Cities are the engines of U.S. economic growth, but housing costs put them out of reach for many Americans. One major reason is that cities severely limit new residential construction, especially apartment buildings. For example, San Francisco permits tall buildings only in its northeast corner and Bayview, which together comprise less than a sixth of the city. Housing laws that favor tenants also reduce the incentive for developers to supply new apartments, as Milton Friedman and George Stigler observed as far back as the 1940s. Recently New York state approved a permanent extension of rent control in nearly one million apartments, and Oregon has made it more difficult to evict nonpaying tenants.
The problem is that local voters have an interest in restricting the housing supply. Existing homeowners worry that new housing will lower the prices of their homes. Existing tenants want price controls to limit rents. While prospective residents want new housing in cities, they don’t get to vote in local elections.

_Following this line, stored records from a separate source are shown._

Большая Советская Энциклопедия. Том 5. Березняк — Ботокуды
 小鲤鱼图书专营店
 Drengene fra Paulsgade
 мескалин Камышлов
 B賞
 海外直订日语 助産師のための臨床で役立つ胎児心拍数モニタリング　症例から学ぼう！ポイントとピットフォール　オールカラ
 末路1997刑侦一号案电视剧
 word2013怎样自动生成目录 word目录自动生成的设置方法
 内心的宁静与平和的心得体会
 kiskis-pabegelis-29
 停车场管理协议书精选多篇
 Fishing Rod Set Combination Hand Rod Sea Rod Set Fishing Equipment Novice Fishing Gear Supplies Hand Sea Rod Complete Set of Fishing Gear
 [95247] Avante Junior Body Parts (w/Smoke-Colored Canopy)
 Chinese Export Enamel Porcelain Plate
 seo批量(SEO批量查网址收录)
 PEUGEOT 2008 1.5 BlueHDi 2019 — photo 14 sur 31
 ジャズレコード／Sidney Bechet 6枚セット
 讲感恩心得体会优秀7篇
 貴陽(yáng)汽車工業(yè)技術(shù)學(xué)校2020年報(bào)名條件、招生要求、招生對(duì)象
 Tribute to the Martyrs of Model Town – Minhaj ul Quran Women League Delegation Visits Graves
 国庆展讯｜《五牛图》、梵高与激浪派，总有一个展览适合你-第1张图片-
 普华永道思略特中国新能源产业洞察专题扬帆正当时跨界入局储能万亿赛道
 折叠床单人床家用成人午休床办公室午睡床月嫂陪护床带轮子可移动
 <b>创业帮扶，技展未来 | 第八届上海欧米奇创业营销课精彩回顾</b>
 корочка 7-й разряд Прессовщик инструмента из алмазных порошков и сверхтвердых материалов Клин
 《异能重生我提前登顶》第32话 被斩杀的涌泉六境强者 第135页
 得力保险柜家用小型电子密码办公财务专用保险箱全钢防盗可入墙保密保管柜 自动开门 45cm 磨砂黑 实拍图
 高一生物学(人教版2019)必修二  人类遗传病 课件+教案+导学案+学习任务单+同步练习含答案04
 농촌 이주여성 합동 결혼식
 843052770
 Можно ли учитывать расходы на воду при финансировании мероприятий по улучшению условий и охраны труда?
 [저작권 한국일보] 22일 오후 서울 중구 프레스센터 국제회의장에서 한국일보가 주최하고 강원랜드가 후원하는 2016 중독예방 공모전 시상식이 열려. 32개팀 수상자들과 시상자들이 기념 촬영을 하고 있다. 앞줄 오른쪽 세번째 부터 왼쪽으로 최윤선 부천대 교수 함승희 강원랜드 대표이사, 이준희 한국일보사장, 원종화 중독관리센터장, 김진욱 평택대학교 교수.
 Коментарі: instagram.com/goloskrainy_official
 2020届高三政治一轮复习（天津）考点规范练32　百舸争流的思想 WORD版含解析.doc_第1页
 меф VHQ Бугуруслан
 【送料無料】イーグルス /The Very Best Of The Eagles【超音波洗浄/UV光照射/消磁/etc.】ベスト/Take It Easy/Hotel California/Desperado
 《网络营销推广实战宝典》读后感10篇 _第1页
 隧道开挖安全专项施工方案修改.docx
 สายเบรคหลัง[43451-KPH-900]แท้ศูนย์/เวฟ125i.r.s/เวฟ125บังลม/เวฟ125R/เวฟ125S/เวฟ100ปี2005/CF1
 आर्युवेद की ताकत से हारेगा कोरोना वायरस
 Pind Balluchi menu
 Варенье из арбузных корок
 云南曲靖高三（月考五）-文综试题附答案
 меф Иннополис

Fortunately, there’s a solution to this impasse. New residents are willing to pay significantly more for additional housing than it costs to build it. They could compensate existing property owners for the reduction in prices caused by new construction and still gain from moving to the city. Such a compromise is possible until the point at which new construction reduces the value of existing homeowners’ property by an amount greater than the value it affords new residents. Allowing incoming residents to compensate homeowners would help cities grow to their ideal size, at which the cost of adding one more resident is equal to that resident’s benefit to the city’s economy.